As the continued attacks against ‘free speech’ rage on, FaceBook is far from the worst culprit to give in to the demands of the intolerant pro-censorship mob who increasingly engage in scorched earth tactics.

Hugo S Cunningham (profile) says:

A solution Kristof would like...

[sarc] Large corporations like the “New York Times” (licensed press outlets?) could be trusted with the responsibility to monitor themselves, and exempted from draconian civil and criminal penalties unless deliberate criminal intent is shown (highly unlikely). For the occasional mistake that lets something bad through, they could pay a reasonable fine, reflecting the fact that they are responsible and licensed, unlike “cowboy” bloggers and small independent publishers.[end sarc]

ryuugami says:

Re: A solution Kristof would like...

Um. You put that in "sarc" marks, but it’s exactly what Kristof suggested in the tweet that the AC linked to upthread:

Thanks for fixing. For the future, can I suggest a presumption by Facebook that articles with a nytimes or washpost or npr domain are legitimate content and are not pornographic?

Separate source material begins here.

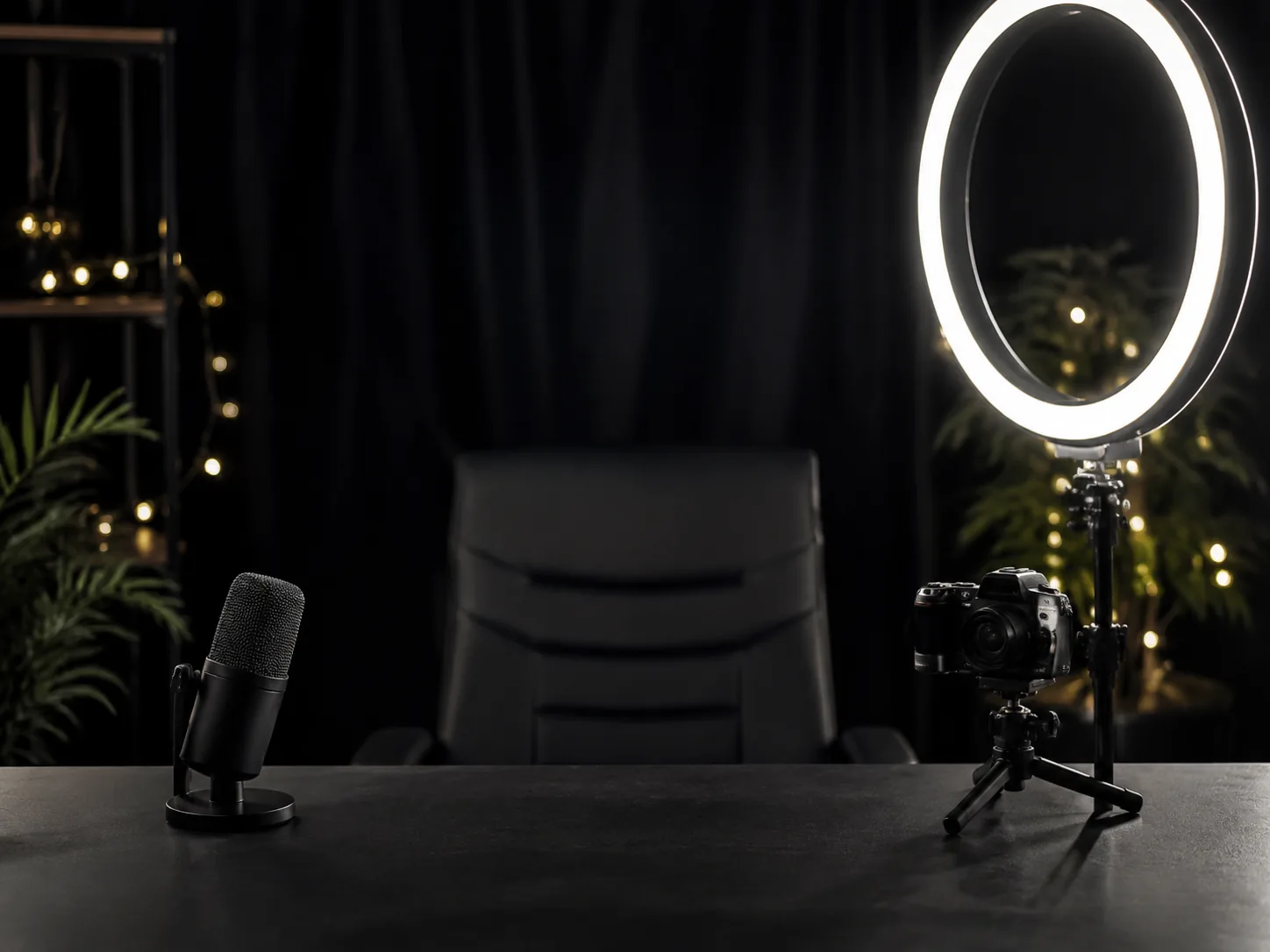 Live streaming setup with a ring light glow in front of a pure black backdrop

Well, except for the "pay a reasonable fine if a mistake happens" provision. That’d be going a step too far.

bob says:

Re: Re: A solution Kristof would like...

Except why should we assume they will never put pornographic or otherwise “unsavory” things in their articles. They are news organizations not gods. They will make mistakes. And when they do who will pickup the fines for posting illegal content?

Seems like Facebook should just continue to block everything by default for those companies just like everyone else.

PaulT (profile) says:

Re: Re: Re: A solution Kristof would like...

Hell, even if they don’t make mistakes, hacks and defacing are a thing. Facebook allows linked or embedded content, then NYT’s servers get hacked or their DNS is spoofed, and they end up pointing to porn anyway? Chances are people who don’t understand the internet will still try and hold them responsible.

That’s the entire point of safe harbours and other protections – if Facebook are allowing user generated content, they have no direct control and should not be treated as directly culpable. He demanded that they be held liable anyway, so he gets to deal with the result of that. Hopefully he bears this in mind next time someone informs him about unintended consequences.

John Cressman says:

When they came for...

Time to update the old saying…

When Facebook came for the conservatives, I didn’t say anything because I wasn’t a conservative…

When Facebook came for the Non-Politically Correct crowd, I didn’t say anything because I was politically correct…

When Facebook came for me, there was no one left to say anything…

Valkor says:

Re: Re: When they came for...

Ok, fine. First, Facebook came for the Nazis, but I wasn’t a Nazi.

Irony can be thought provoking. I think of it like a stinky cheese that tastes good. They both can evoke a negative initial reaction, but improve upon careful consideration.

Now, clearly, the Facebook version is not nearly as serious as the actions of an actual government. We’re nowhere near a Fourth Reich. If Facebook gets too oppressive, they will merely destroy their own business eventually. But… What happens if that censorship breaks containment? What happens if we get conditioned to expect our gatekeepers to protect us from whatever it is we don’t like? There are already plenty of people who think the government should do just that, regardless of Facebook’s policies. When Tech fails, do we want people turning to the government for all their censorship needs?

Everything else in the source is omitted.